I have in my possession the scariest book I have ever beheld. I left it in the smiley amazon box for three days on the washer; because to open it was to acknowledge a reality in my life.
I had an epiphany, a revelation, a ‘what-the-what?’, a moment of inspiration, a whisper from the heart of God, the results of more than 4 hours sleep in a row-an idea.
I keep failing at my goals because I keep starting over.
By continually starting over, I am reviewing steps I took to eat less, pray more and love abundantly. I am doing over what has already been done. I am eating a meal already chewed…eww…too far…
By always starting over I completely discount that I have lived and learned. I have been scarred and scorned. I have been harmed and healed. My feet are calloused from walking around these mountains. My forehead is bruised from bumping into the walls of the canyons.
I can’t start over any more than I can go again into my Mother’s womb and be born.
What I can do is start; right where I am. Scars and all. I can start. To be honest, I am terrified.
The book which started it all (pun intended)?

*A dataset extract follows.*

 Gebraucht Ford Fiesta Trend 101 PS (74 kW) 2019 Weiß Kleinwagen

What drew me, besides divine intervention to get on with it already, was the author’s profligate use of the word ‘awesome’. I love awesome. I love awesomesauce. I use awesome unashamedly.

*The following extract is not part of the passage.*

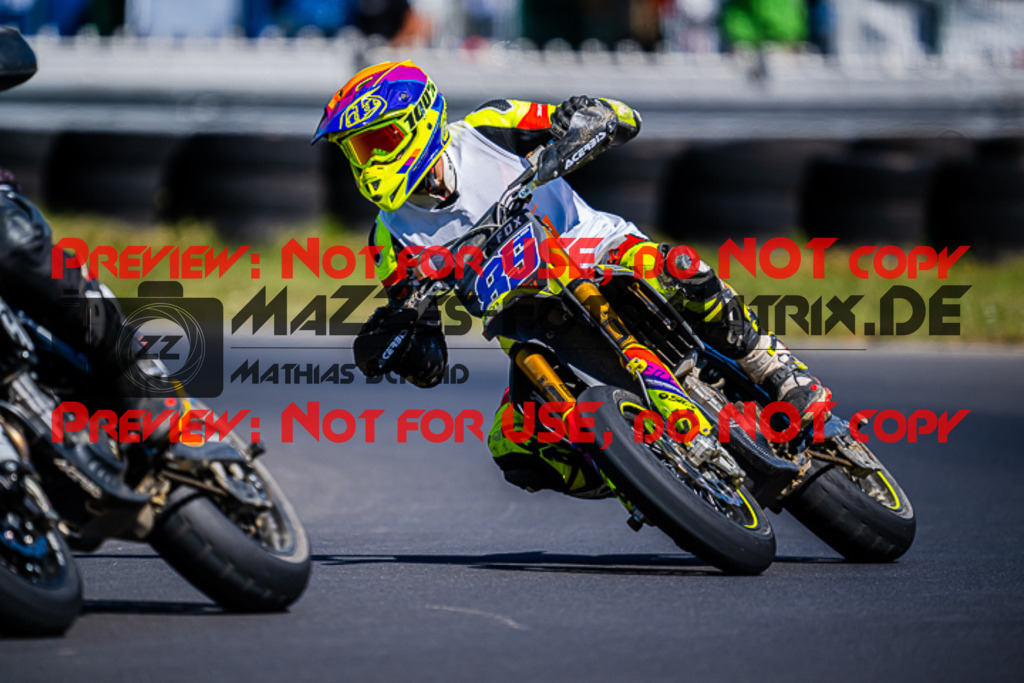 MaZZes_FotoMatrix_220703_8585 | S3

I want to move from average to awesome. I can’t unless I start.
There is no magic formula. No pill or meditation to repeat. I simply must start.

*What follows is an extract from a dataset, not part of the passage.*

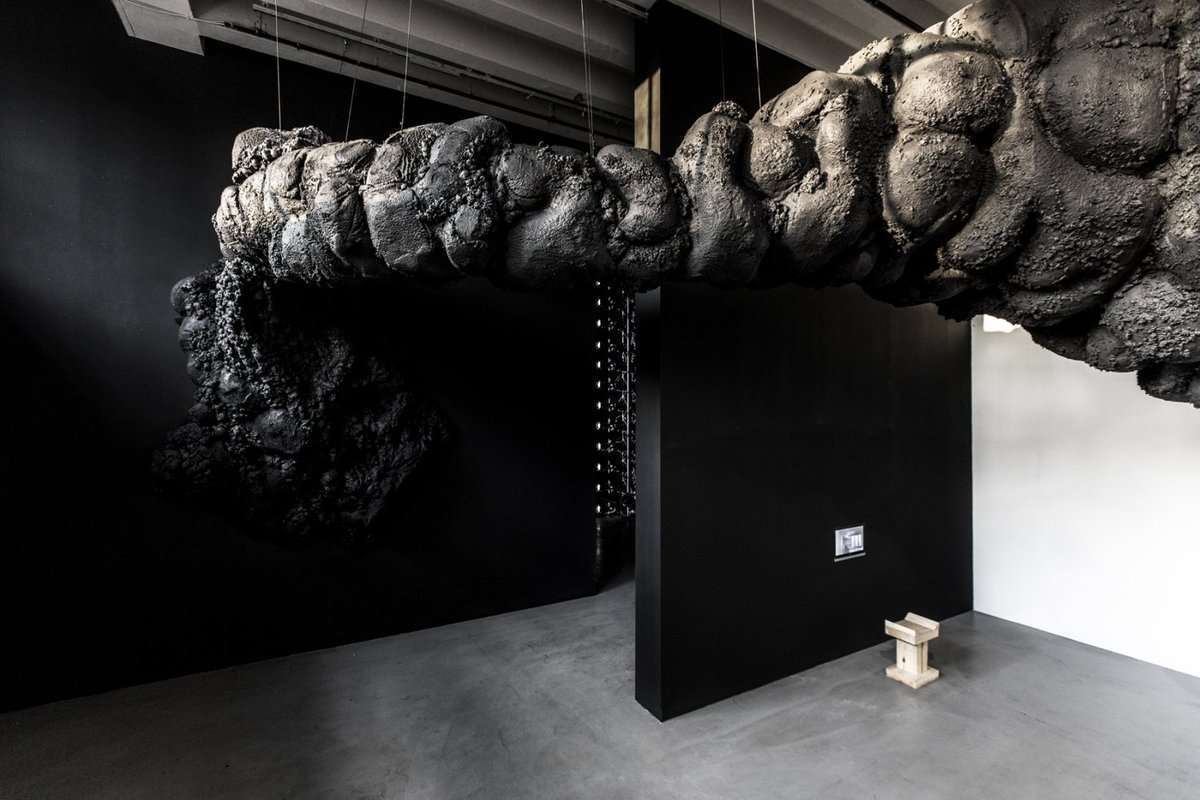 Rzeźba podwieszona pod sufitem, która przypomina gąsienicę. Część wystawy poświęconej retrospekcji twórczości projektanta Ricka Owensa.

How will I start? By doing something. For tonight, it meant writing this blog. Tomorrow? Who knows what I will start. One thing I know is it will be something.
It’s over, this lie of trying to go back and fix and fiddle and make up for and fill the crevices and do it ‘right this time’.
It’s over. Now I can start.
What will you do to start? What’s the one thing which terrifies you the most, but you feel your spirit whispering you need to do?